Historie
Stadtgeschichte seit über 100 Jahren von der SPD beeinflusst
In Jahr 2007 wurde unsere kleine Marschenstadt Wilster 725 Jahre alt. Dieses Jubiläum wurde schon groß gefeiert. Wir meinen, dass dieser Geburtstag auch eine gute Gelegenheit ist, um an die lange Geschichte der Wilsteraner Sozialdemokratie zu erinnern.

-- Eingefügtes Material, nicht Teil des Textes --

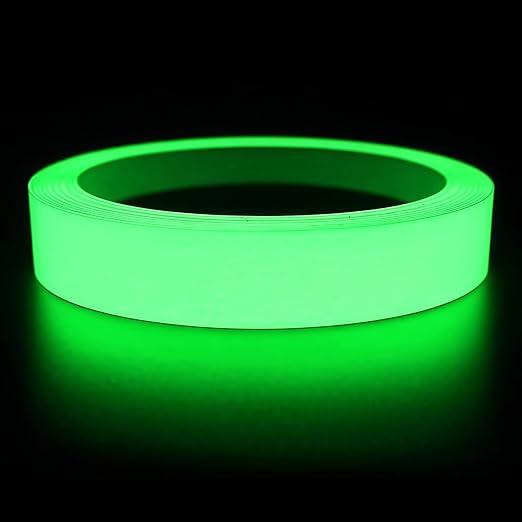 Glow in The Dark Tape 0.5Inch x 50FT - High Visibility Reflective Tape, Waterproof Adhesive Glow Tape for Stairs, Steps, Halloween DIY, Bikes, Cars, Safety Signs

Die SPD wurde 1869 als Sozialdemokratische Arbeiterpartei von A. Bebel und W. Liebknecht in Eisenach gegründet. 1878 - 90 war sie durch das Sozialistengesetz verboten. Die Partei arbeitete im Untergrund und trat 1890 als SPD bei Wahlen auf. Das genaue Gründungsdatum der Wilsteraner Sozialdemokratie ist nicht bekannt. Das liegt daran, dass am 8. Mai 1933 in der früheren Gaststätte (SPD-Parteilokal) des Großvaters von Helmut Jacobs zwei SPD-Schränke und ein Aushangkasten von Nationalsozialisten beschlagnahmt wurden. Am 10. Mai 1933 gab es Hausdurchsuchungen und Beschlagnahmungen von SPD-Unterlagen bei Markus Tiedemann, Otto Führer, Hans Prox, Franz Hinrichs, Nikolaus Nottelmann und bei Heinrich Heutmann. Diese Unterlagen sind nie wieder aufgetaucht und vermutlich von den Nationalsozialisten vernichtet worden. Allerdings besitzen wir noch die alte Wilsteraner Ortsvereinsfahne, die Hermann Führer vor den Nazis versteckt und sie somit über das "1000-jährige Reich" hinaus gerettet hatte. Hermann Führer war Hausmeister der Mittelschule und nach dem Krieg viele Jahre unser Kassenprüfer.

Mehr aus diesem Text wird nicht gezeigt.